• [Your objective]
Reproduce exactly, and only, the lines below from the one containing "So that's how" through the one containing "For example, if".

• [Data to examine]
____

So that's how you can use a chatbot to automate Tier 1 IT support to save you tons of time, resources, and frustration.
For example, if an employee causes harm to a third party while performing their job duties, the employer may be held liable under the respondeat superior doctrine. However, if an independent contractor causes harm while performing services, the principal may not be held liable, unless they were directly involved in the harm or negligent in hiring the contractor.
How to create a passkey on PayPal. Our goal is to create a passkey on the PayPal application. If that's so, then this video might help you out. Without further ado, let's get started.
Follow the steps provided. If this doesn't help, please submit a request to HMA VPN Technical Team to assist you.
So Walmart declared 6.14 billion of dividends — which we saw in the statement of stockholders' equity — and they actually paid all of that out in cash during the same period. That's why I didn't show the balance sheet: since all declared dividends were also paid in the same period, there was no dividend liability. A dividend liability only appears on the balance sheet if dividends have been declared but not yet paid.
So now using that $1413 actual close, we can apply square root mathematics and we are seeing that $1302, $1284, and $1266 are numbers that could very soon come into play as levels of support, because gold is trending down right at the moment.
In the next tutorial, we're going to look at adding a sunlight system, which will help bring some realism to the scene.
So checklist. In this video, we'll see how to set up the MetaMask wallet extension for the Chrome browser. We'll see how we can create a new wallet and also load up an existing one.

____

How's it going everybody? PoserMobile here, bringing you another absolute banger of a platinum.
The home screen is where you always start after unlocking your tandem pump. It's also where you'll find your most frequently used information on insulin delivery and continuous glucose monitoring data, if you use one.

____

• [Result of this task]
So that's how you can use a chatbot to automate Tier 1 IT support to save you tons of time, resources, and frustration.
For example, if an employee causes harm to a third party while performing their job duties, the employer may be held liable under the respondeat superior doctrine. However, if an independent contractor causes harm while performing services, the principal may not be held liable, unless they were directly involved in the harm or negligent in hiring the contractor.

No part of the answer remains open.